Als Faszien werden allgemein die Komponenten des Bindegewebes bezeichnet, welche den gesamten menschlichen Körper durchzieht und Stütz- und Trennfunktionen innehat.

Zu den Faszien gehören unter anderem die Gelenkkapseln, Bänder, Sehnen und die sogenannten Muskelbinden. Diese sind es meist auch, wenn man in der Umgangssprache von Faszien redet. Doch es gibt durchaus ganz unterschiedliche Ausprägungen von Faszien:

Die sogenannten oberflächlichen Faszien, welche sich im Unterhautgewebe befinden, sind äußerst elastisch und können sich sehr stark dehnen. Sie sorgen unter anderem dafür, dass der Körper zusätzliches Fett aufnehmen kann.

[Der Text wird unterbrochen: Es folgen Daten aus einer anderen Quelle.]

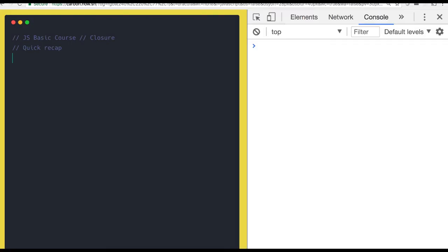We have already done each and every basic aspect of JavaScript. We talked about data types, and the data types which are represented by objects — like type of string, type of array, and type of functions.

Viszerale Faszien haben stattdessen die Aufgabe, die inneren Organe zu verbinden und diese im menschlichen Körper an Ort und Stelle zu halten.

Tiefe Faszien bilden schließlich das dichte Bindegewebe, das Muskeln, Knochen, Nerven und Arterien umschließt. In ihnen befinden sich auch wichtige Sensoren, die Änderungen von Drucks und Temperatur erkennen und somit Schmerzen signalisieren.

Mittels des sogenannten Faszientrainings ist es möglich, ganz gezielt die Eigenschaften der Faszien zu fördern. Der Grundgedanke dabei ist: Die meisten Schädigungen durch körperliche Überlastungen betreffen nicht Muskeln und Knochen, sondern sind tatsächlich auf das Versagen der Faszien zurückzuführen. Das Faszientraining beruht auf immer wiederkehrende und sich langsam steigernde Übungen, die das Fasziengewebe schließlich auf eine solche Weise anpassen, dass es zukünftig sehr viel besser auf Belastungen reagieren kann.